Bias still a big obstacle for New Zealand employers

Many organisations are investing heavily in diversity and inclusion initiatives but bias could still be holding them back.

Bias still a big obstacle for New Zealand employers

A growing number of Kiwi employers are investing their time and resources into creating a fair and diverse workplace but bias still stands in the way for many of them, according to one new study.

The latest New Zealand Diversity Survey found that 48 per cent of organisations identified bias as a key issue – up 18 per cent from the previous survey six months ago.  That means bias is now ranked as the third most important diversity issue in the workplace, behind wellbeing and flexibility.

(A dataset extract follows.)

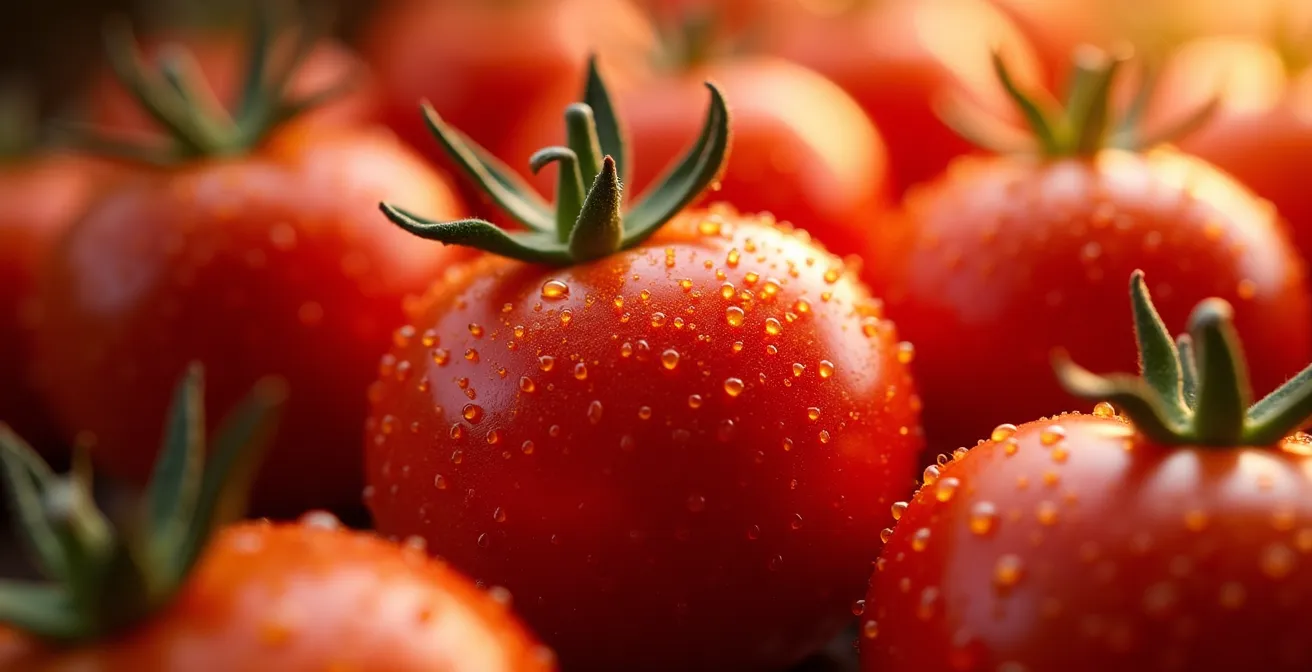Detalle macro de tomates maduros con gotas de agua bajo luz natural
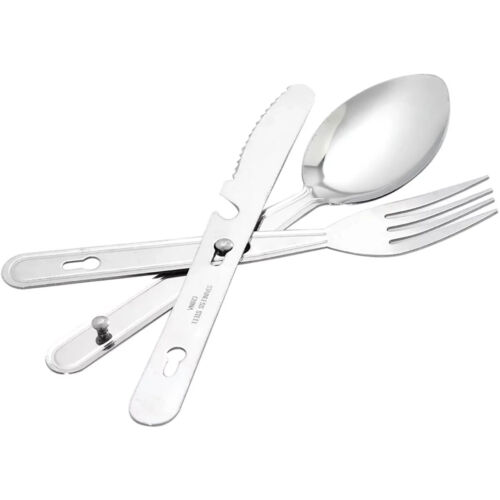 3 Piece Camping Cutlery Set Stainless Steel Fork Knife Spoon Festival Travel X2 - Picture 3 of 5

While the results may seem discouraging, Bev Cassidy-MacKenzie – chief executive of Diversity Works New Zealand – says they actually indicate an improvement in awareness around the issue.

 “Bias, particularly unconscious bias, can subtly undermine the many hours organisations invest in creating a culture that embraces diversity and inclusion,” she says. “But awareness is the first step in mitigating its effects.”

The public sector seems to be leading the way in terms of awareness with 51 per cent of respondents ranking bias as a concern, making it the second most important diversity issue for the field.

“That’s not surprising,” said Cassidy-MacKenzie. “Many of New Zealand’s public sector organisations have made a real commitment to reducing the impact of bias.”

Bias was identified as one of the factors impacting the gender pay gap in New Zealand in research released recently by the Ministry for Women.

“Publicity around the gender pay gap and research into its causes may have impacted the Diversity Survey results,” acknowledged Cassidy-MacKenzie. “Gender was identified as an important issue by 45 per cent of respondents, up from 29 per cent in our previous survey.

“We think it’s great the message around bias and the gender pay gap is spreading, and that organisations are gaining a better understanding around these important issues, and how they impact their workforce and ultimately, business performance.”

Other key findings from the April 2017 New Zealand Diversity Survey include:

  • Wellbeing & wellness is still the number one diversity issue for New Zealand organisations with 67 per cent ranking it as important. This is up five percent compared with October last year.
  • Flexibility is the second most important diversity issue for private sector organisations with 59 per cent ranking it as a concern. In the public sector, slightly less than half of organisations see this as an important diversity issue.
  • New Zealand’s aging workforce continues to be a significant concern with 47 per cent of organisations rating it an important issue – up three per cent from October 2016. However, this is the diversity issue for which organisations are least likely to have a policy or initiative in place to address.
  • The number of organisations that considered ethnicity an important issue increased from 27 per cent in October 2016 to 41 per cent in April 2017 but more than a third of survey respondents reported that ethnicity was not an issue at all.
  • Nearly a third of organisations (32 per cent) have a diversity strategy or plan in place, up from 20 per cent in October 2016, and 60 per cent take diversity into consideration in relevant HR policies.